Llamados como hijos a la fe

Dios nos habla y se dirige a cada uno. Siempre nos llama por nuestro nombre para que le sigamos y aprendamos de Él. Es el compañero de camino ideal que, pase lo que pase permanece fiel porque su corazón es tan grande y tiene tanto amor que repartir, que nunca se cansa de tomar la iniciativa para que mejoremos nuestra relación. Quiere que seamos felices y que todo lo que hagamos y vivamos nos sintamos realizados y plenos.
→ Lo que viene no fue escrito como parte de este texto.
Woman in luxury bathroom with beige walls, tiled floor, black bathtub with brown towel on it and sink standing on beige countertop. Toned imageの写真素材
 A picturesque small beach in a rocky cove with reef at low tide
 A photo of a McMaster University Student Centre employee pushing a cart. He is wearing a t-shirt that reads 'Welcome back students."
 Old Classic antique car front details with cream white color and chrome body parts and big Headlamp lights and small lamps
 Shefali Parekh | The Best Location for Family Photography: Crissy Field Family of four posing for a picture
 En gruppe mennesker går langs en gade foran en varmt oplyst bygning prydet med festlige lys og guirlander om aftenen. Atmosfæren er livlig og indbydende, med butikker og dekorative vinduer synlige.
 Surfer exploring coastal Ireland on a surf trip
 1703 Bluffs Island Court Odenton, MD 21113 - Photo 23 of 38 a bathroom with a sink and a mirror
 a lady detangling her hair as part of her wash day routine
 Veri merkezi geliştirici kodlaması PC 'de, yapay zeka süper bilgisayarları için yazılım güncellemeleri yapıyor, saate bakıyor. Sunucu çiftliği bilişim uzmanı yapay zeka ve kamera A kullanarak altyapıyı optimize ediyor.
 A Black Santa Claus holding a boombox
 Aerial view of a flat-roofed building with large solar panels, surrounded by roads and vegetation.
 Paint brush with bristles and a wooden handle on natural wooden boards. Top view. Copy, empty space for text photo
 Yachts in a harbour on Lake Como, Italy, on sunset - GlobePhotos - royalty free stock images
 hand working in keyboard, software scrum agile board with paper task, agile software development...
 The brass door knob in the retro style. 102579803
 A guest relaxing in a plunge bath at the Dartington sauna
Dios nos llama por nuestro nombre porque somos únicos e irrepetibles; somos su creación particular, nos ha regalado la vida, para que la cuidemos y podamos desarrollarnos en las mejores condiciones posibles, pero sin despistarnos, porque es muy fácil perder el sentido de lo que hacemos y que se nos tuerza la vida, poniendo todo nuestro mundo patas arriba y con una sensación de amargura preocupante. Nuestra vida no puede pasar sin más, convertirla en rutina es la muerte de nuestra alma y la pérdida del sentido de porqué estamos aquí; que siempre vivamos lo mismo y no nos aporte nada es desaprovechar la oportunidad tan maravillosa que el Señor ha puesto en nuestras manos para que seamos dichosos por tanto bien recibido. Hay veces que nos podemos bloquear, porque la situación nos supera, pero no nos exime de, pasado el momento, sobreponernos y seguir caminando con el apoyo de la fe que el Señor nos da, pues hemos de ser conscientes que por nuestra propia fragilidad nos vemos superados en muchas situaciones y necesitamos de ayuda.

Por eso, Dios nos llama a la fe, para sentirnos hijos que forman parte de una familia más grande que la nuestra de sangre, la de los hermanos en la fe. Hijos de Dios reforzando nuestra propia identidad cristiana y dando un nuevo sentido a la palabra familia, que se amplia y adquiere para nuestra vida un carácter más universal. Es el cambio de mentalidad al que nos llama Jesucristo cuando nos dice que nos tenemos que amar como hermanos (cf. Jn 15, 12-15). Esta vivencia, que comporta un nuevo estilo de vida, la tenemos que hacer nuestra cada uno, desde el encuentro personal con Cristo y el sentido de pertenencia a la Iglesia, donde todo lo que ocurre en ella te importa porque lo vives como tuyo. Viviendo en familia y amando a los tuyos es como abrimos el corazón, servimos y nos esforzamos por enriquecer y mejorar lo que sentimos como nuestro.

Hay que estar atentos para no confundir la llamada de Dios, porque a nuestro alrededor también se dan muchas llamas en medio de nuestra sociedad que quiere vivir sin Dios, donde la cultura del hedonismo se ha instalado fuertemente y donde, como decía el Papa Benedicto XVI, la dictadura del relativismo quiere hacernos ver que todo vale y que cada uno podemos hacer lo que consideremos, porque tenemos derecho a ello. Ante esto Jesús nos invita a caminar contracorriente: «Bienaventurados vosotros cuando os insulten y os persigan y os calumnien de cualquier modo por mi causa. Alegraos y regocijaos, porque vuestra recompensa será grande en el cielo, que de la misma manera persiguieron a los profetas anteriores a vosotros». (Mt 5, 11-12). Nuestra vida no corre peligro porque no la vamos a perder por ser creyentes, pero sí que en muchos ambientes nos pueden señalar porque no es lo común ser practicante y vivir la fe. Son muchos los ambientes en los que se niega a Dios y se habla mal de la Iglesia, y los que nos manifestamos creyentes tenemos que caminar con caminar contracorriente porque supone vivir de una forma distinta al resto, dejándonos influenciar por el Evangelio que nos va a llevar a ser signo de contradicción en nuestros entornos.

Dios nos llama a vivir nuestra vocación creyente de una manera auténtica, sin dejarnos influenciar por el estilo de vida del mundo y poniéndole en el centro de nuestra vida. Que nuestra respuesta sea generosa, para que así el testimonio que mostremos al mundo sea convincente por nuestra manera de vivir y de tratar a los que nos rodean, para que todo lo que hagamos sea desde el corazón y lleguemos a los otros.